### [Instructions for the task]
The copy should hold exactly the lines below from the one that contains "Torino, attivisti di" through the one that contains "4320 Shore Drive NW Gig Harbor WA 98335" and nothing else, so no pictures.

### [Data shown]
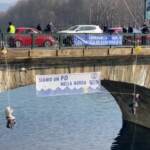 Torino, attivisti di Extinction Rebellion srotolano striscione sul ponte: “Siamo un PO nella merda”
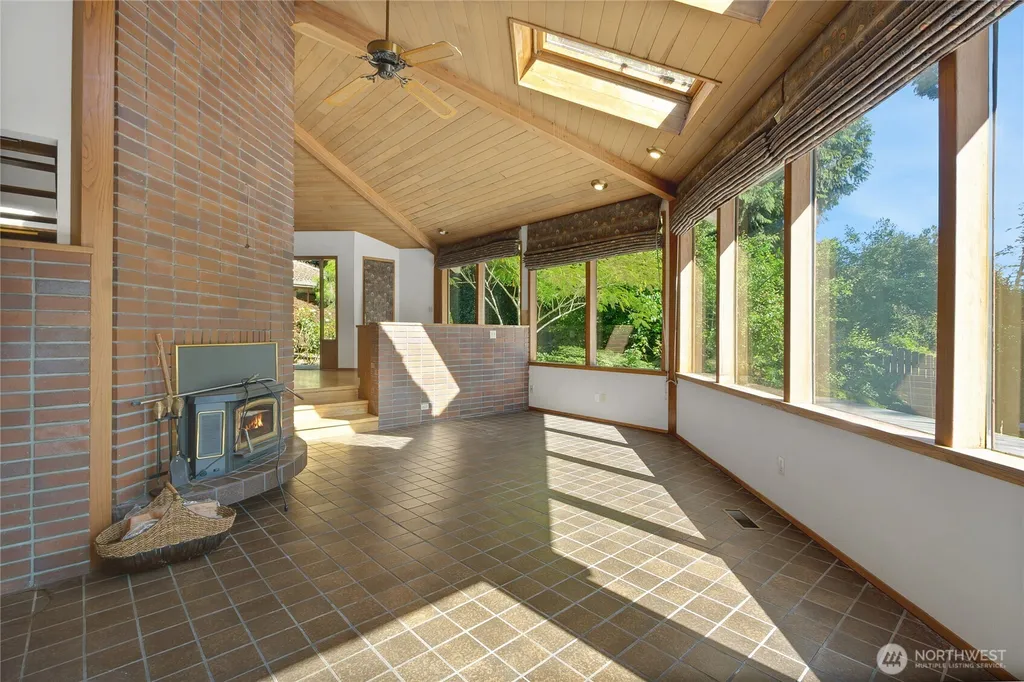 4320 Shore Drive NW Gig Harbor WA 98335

...

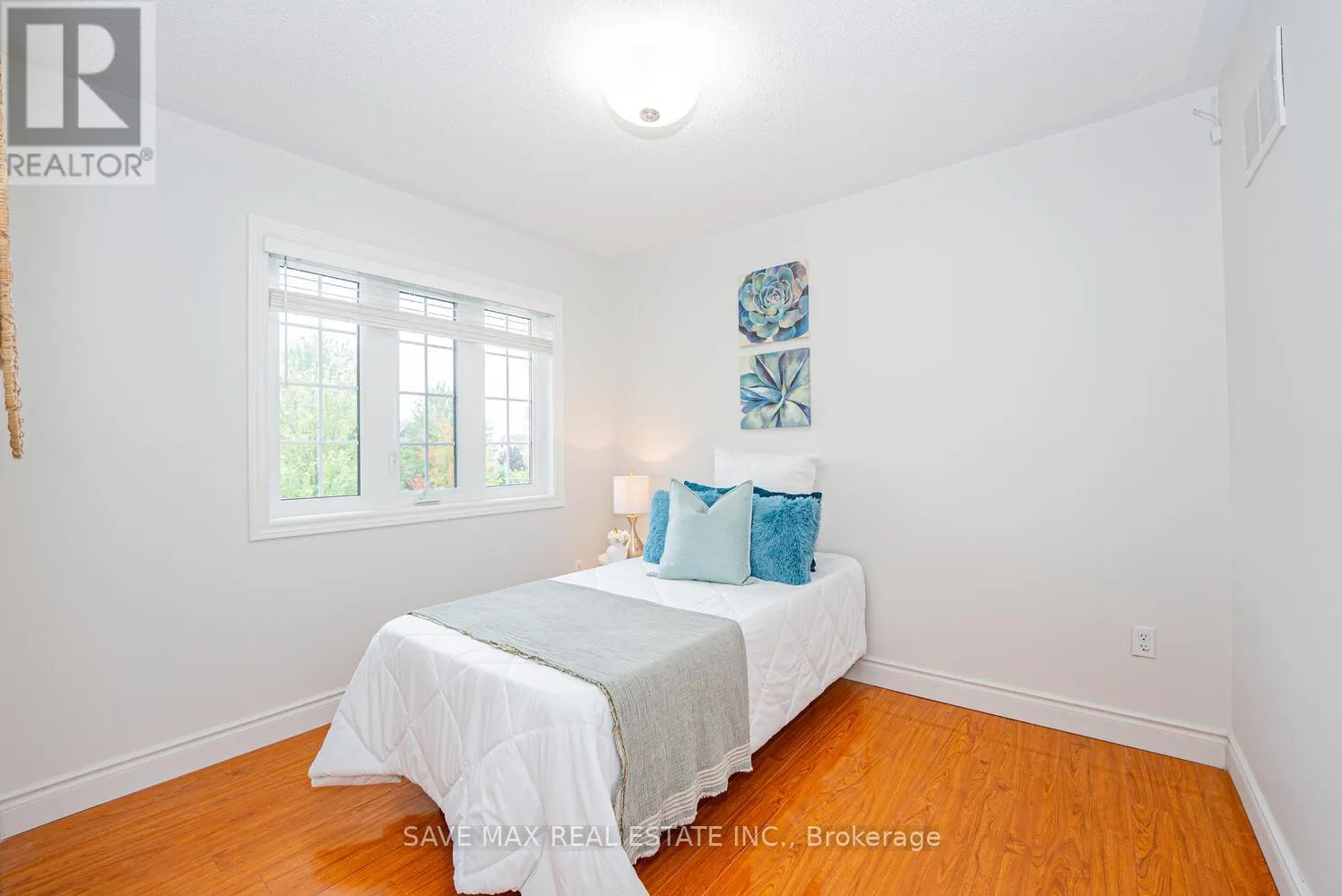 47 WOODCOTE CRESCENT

### [Solution]
 Torino, attivisti di Extinction Rebellion srotolano striscione sul ponte: “Siamo un PO nella merda”
 4320 Shore Drive NW Gig Harbor WA 98335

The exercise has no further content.